Java heap memory zeroing and visibility works as usual. I was referring
to corresponding card table memory. The fully initialized Java object
may be visible at a different time than the corresponding card table
memory.

To decrease the cost of the post write barrier, mainly the StoreLoad,
it first checks whether that card which we want to dirty is a "young"
card, if so, exit the write barrier as G1 never needs to refine such a
card (or carry it in the remembered set).

So when allocating a new eden region, G1 sets the values of the
corresponding cards to "young" outside of a global lock iirc. So
setting these cards to "young" results in the usual visibility races.
I.e. it is possible to get cards in young regions during refinement (in
G1RemSet::refine_card_concurrently()). Looking at the code again right
now currently there are actually other checks that will filter these
cards into young gen before actually iterating over the objects.
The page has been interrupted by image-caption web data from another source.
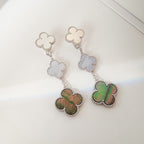 [Clover Jewelry]CLOVER 3 MOTIFS CHALCEDONY DARK MOP SILVER EARRINGS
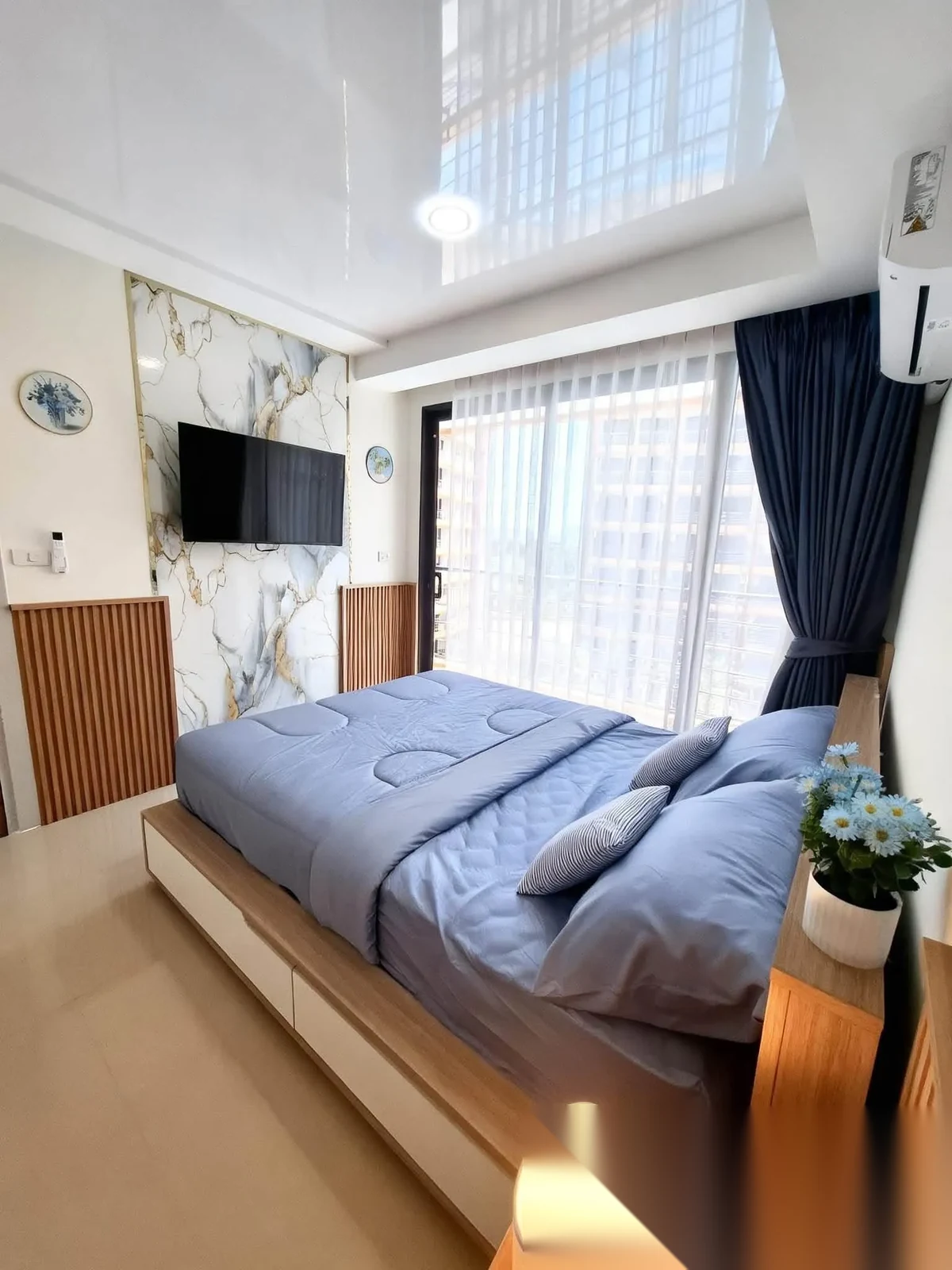 Апартаменты 1BR в ЖК 777 Beach Condo · Май Као · Вид на бассейн — фото 10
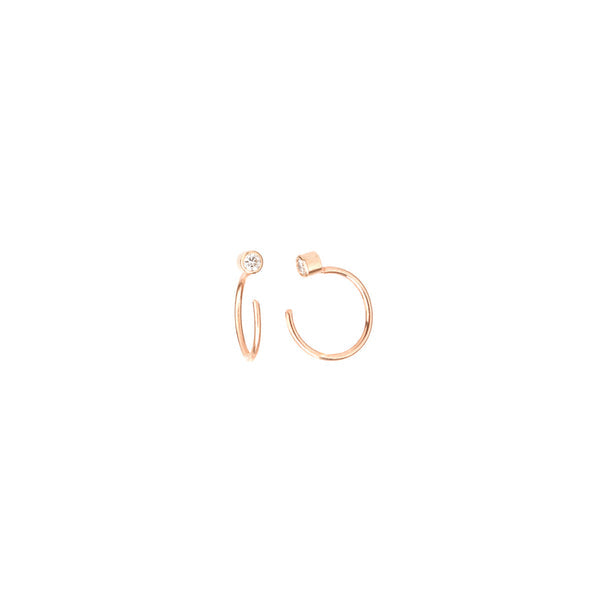 Diamond Bezel Reversible Huggie Hoop Earrings
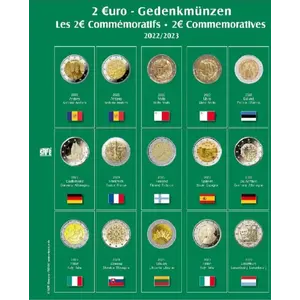 Premium, Sheets (4 rings) for 2 Euro coins - 2022/23 sheet 33 - Transp. incl. Green preprint sheet - dim: 205 x 255 mm.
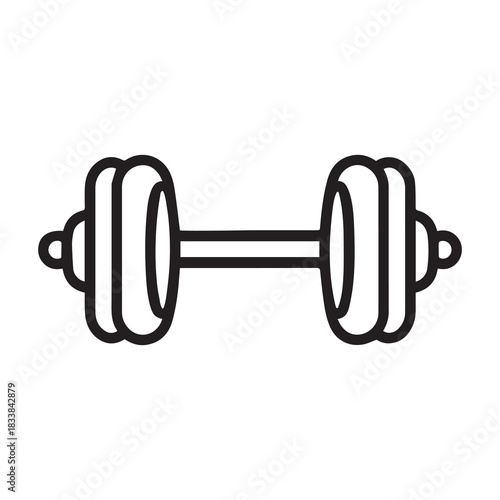Dumbbell gym outline icon training strong healthy design.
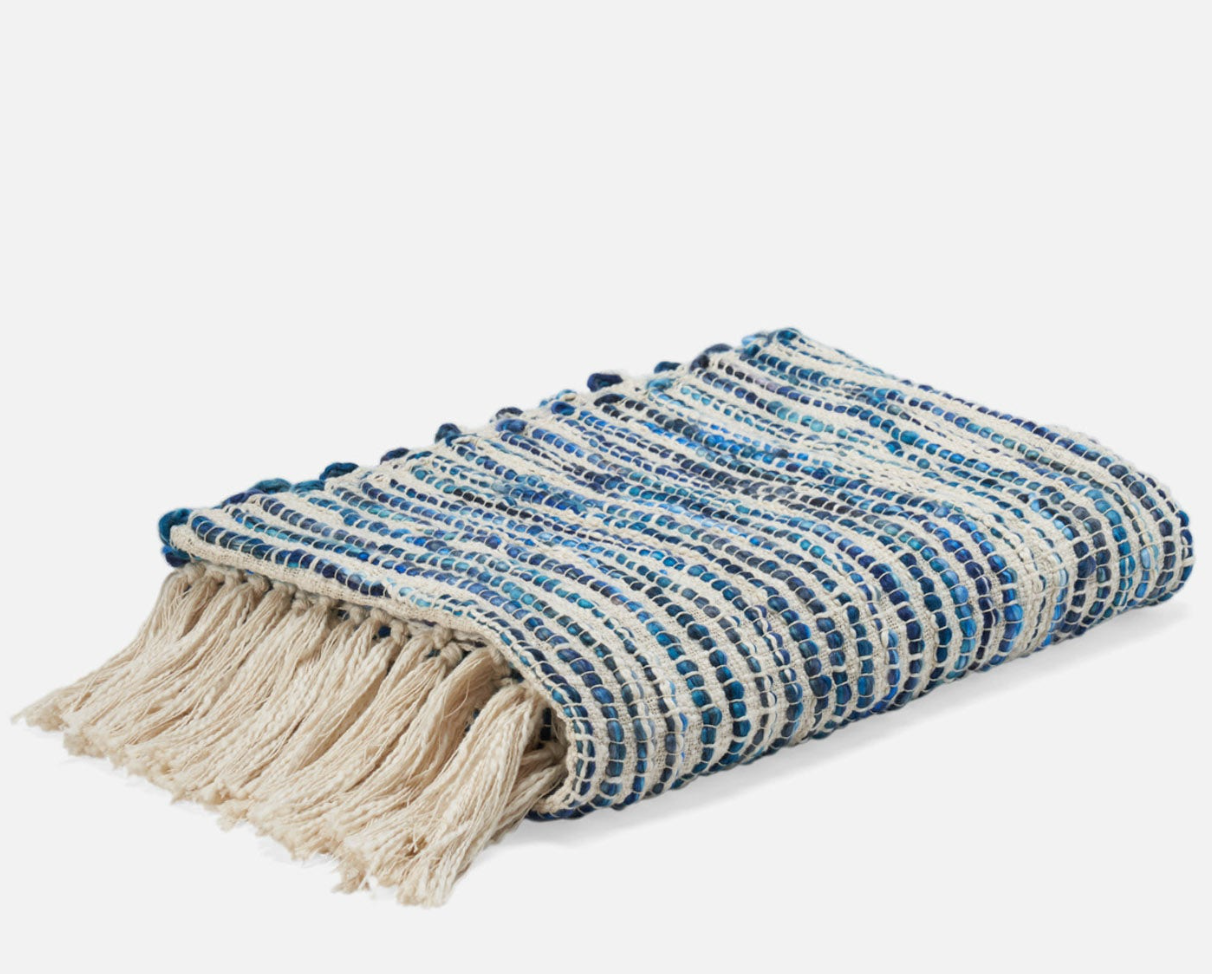 Juno Woven Throw -Natural & Blue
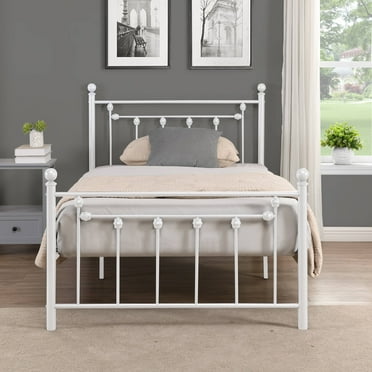 SESSLIFE Platform Bed Frame Twin, White Metal Platform Bed, Bed Frame w/ Headboard, Large Under Bed Storage, Mattress Foundation, Non-Slip Without Noise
There is however at least (maybe only?) one other case where you can
get (valid) NULL klass pointers during refinement: humongous object
allocation.

Example:
- mutator changes some cards in a humongous object X, enqueuing some
cards  a,b,c to refine
- remark pause reclaims X (G1 does not filter a,b,c)
- mutator allocates humongous object Y at the same spot
- while that is ongoing, refinement threads look at cards a,b,c

(See
HeapRegion::oops_on_card_seq_iterate_careful/do_oops_on_card_in_humongo
us() and the comment in
G1CollectedHeap::humongous_obj_allocate_initialize_regions() at the
OrderAccess::storestore() call site).

I doubt this relates to your case, as the crashes you experience are
within the STW pause processing; also you did not mention humongous
objects :) Concurrent refinement might have thrashed the BOT before
that GC though; in this case the reason could be multiple refinement
threads doing HeapRegion::block_start() in
HeapRegion::oops_on_card_seq_iterate_careful().

Hth,
  Thomas